Free speech and academic freedom

Update: Some related concerns from, if these claims can be verified.

In a recent interview for a Norwegian magazine (Teknisk Ukeblad, 0412), the IPCC chair Rajendra Kumar Pachauri told the journalist that he had received death threats in connection with his role as a head for the IPCC. There have also been recent reports of threats and harassment of climate scientists for their stance on climate change (Kerry Emanuel. Katharine Hayhoe, Australian climate scientists, Phil Jones, Barton campaign, and Inhofe’s black list).

These incidents appear as an unpleasant deja vu from my past, smacking of attempts to suppress the freedom of speech. They remind me of the days when I did my national service as a border patrol at the Soviet-Norwegian border in 1988-1989 (Norway and Russia – then Soviet – share a 196 km long common border in the high north), where we stood up for our freedom and democracy. Freedom of speech was tacitly implied as one of the ingredients of an open democracy, which in our minds was the West. There was an understanding that the other side of the iron curtain represented an oppressive regime.

If the people who threat and harass climate scientists were to have their way, I fear we would be heading for a world resembling the other side of the iron curtain of 1989. The absence of oppression and harassment is a prerequisite for sound and functioning science. Oppressive regimes are not known for producing good science, and blind ideology have often been unsustainable. Therefore, threats and such dishonorable campaigns represent a concern.

Me at the Soviet-Norwegian border in the spring of 1989, where I served as a border patrol. The border was halfway between the yellow Norwegian and green/red Soviet borderposts seen in the photo, and the iron curtain involved a militarised zone on the Soviet side guarded by the KGB.

Another unpleasant aspect of the direction taken by the public discource is the character of the rhetoric, which too exhibit similarities to that of the cold war. I still remember some of the propaganda that could be heard on the radio – translated to Norwegian. Too often these days, the debate is far from being informative but has turned into something like a beauty contest and he-said-she-said affair.
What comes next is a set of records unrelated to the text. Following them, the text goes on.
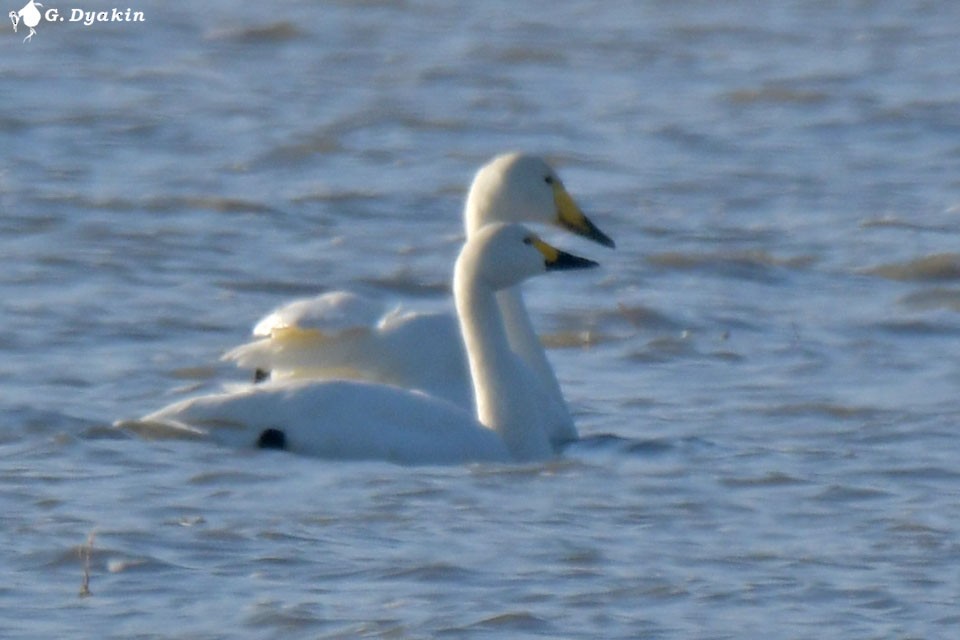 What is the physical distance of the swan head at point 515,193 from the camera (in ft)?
27.8

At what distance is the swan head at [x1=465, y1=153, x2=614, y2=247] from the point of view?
334 inches

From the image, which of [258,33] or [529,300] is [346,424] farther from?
[258,33]

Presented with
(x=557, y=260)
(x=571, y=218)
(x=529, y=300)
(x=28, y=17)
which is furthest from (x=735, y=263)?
(x=28, y=17)

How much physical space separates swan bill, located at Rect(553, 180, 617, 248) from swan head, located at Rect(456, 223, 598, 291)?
40.0 inches

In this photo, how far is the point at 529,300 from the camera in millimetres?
10109

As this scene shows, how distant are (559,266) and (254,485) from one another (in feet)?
4.31

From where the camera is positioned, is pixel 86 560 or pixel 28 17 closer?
pixel 86 560

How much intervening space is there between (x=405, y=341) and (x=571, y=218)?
1.28m

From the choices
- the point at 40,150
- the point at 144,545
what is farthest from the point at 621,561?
the point at 40,150

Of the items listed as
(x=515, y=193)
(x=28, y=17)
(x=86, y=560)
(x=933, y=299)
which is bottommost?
(x=933, y=299)

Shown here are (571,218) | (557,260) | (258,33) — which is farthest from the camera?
(258,33)

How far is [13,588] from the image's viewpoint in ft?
18.4

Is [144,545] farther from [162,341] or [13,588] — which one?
[162,341]

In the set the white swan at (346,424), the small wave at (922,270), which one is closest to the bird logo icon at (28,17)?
the small wave at (922,270) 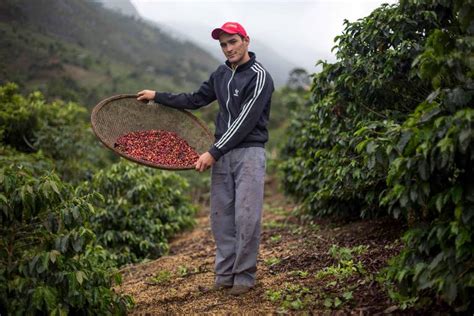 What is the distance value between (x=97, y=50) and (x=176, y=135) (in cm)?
1245

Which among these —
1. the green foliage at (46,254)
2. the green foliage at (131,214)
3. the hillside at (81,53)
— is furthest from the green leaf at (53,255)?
the hillside at (81,53)

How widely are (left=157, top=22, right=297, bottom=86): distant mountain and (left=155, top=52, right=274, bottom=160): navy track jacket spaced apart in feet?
99.2

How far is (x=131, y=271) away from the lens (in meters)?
5.32

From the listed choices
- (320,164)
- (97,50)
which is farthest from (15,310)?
(97,50)

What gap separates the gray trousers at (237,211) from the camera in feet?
11.4

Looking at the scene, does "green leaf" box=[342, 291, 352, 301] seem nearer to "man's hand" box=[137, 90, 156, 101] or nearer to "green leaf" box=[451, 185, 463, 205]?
"green leaf" box=[451, 185, 463, 205]

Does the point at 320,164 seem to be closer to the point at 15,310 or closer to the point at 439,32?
the point at 439,32

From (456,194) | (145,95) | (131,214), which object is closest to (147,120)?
(145,95)

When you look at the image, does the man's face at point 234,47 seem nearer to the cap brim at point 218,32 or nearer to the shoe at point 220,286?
the cap brim at point 218,32

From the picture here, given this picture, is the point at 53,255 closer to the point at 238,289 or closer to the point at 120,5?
the point at 238,289

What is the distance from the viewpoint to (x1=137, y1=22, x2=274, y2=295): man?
3420 millimetres

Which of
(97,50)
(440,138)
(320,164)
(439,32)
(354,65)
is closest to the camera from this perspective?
(440,138)

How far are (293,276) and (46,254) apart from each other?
6.07ft

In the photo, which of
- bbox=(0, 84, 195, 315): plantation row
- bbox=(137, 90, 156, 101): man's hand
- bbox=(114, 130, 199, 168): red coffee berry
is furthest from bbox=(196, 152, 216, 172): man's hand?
bbox=(137, 90, 156, 101): man's hand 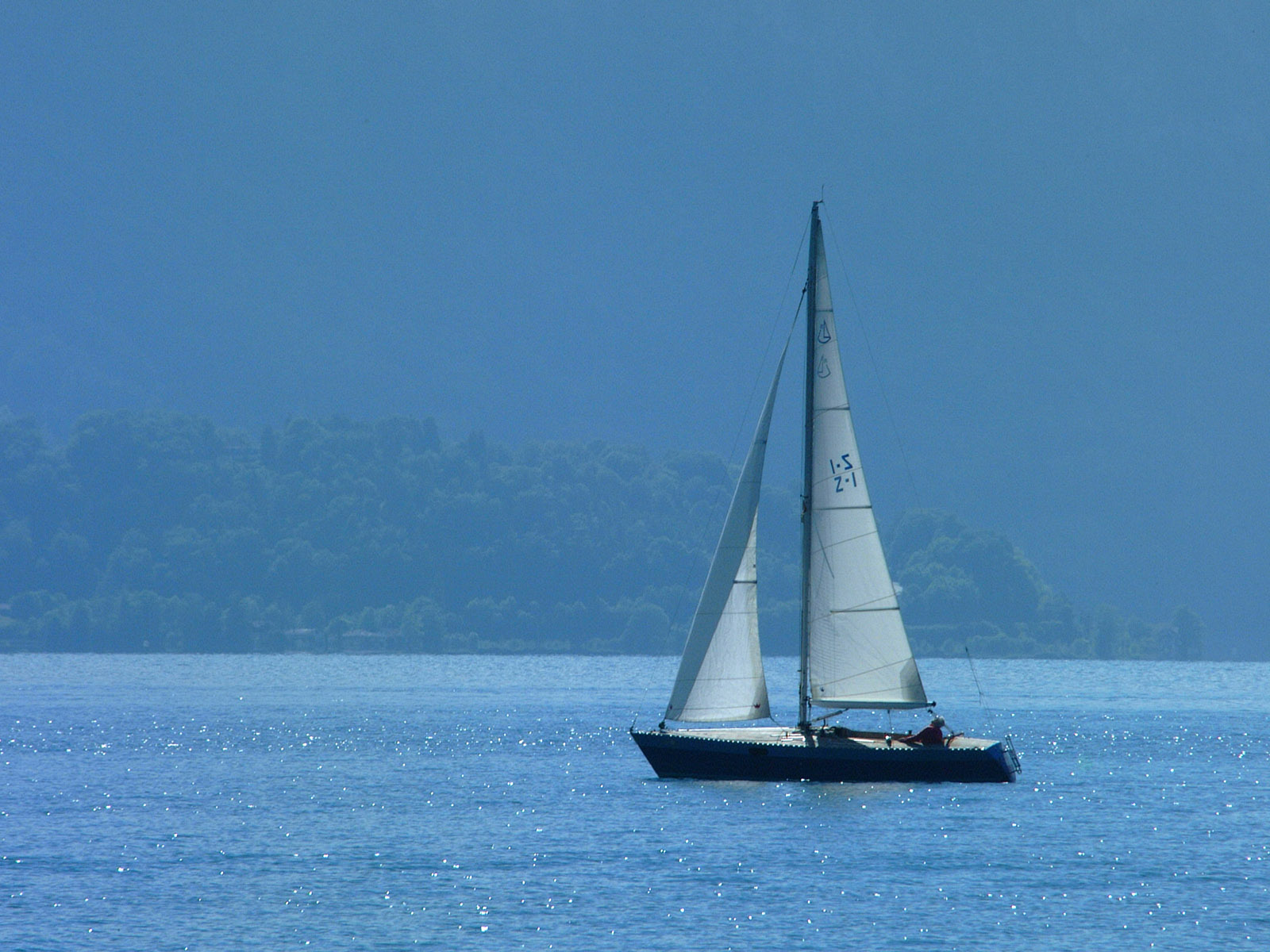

So it is important to keep in mind: Don’t shoot the messenger who is only doing her/his job. It would really be a disservice to the society. Any open and free democracy has to be based on true information and knowledge. When big and powerful media corporations start to look like past state-run propaganda machines, where slogans have replaced common sense and expert knowledge, then we’re heading in the wrong direction.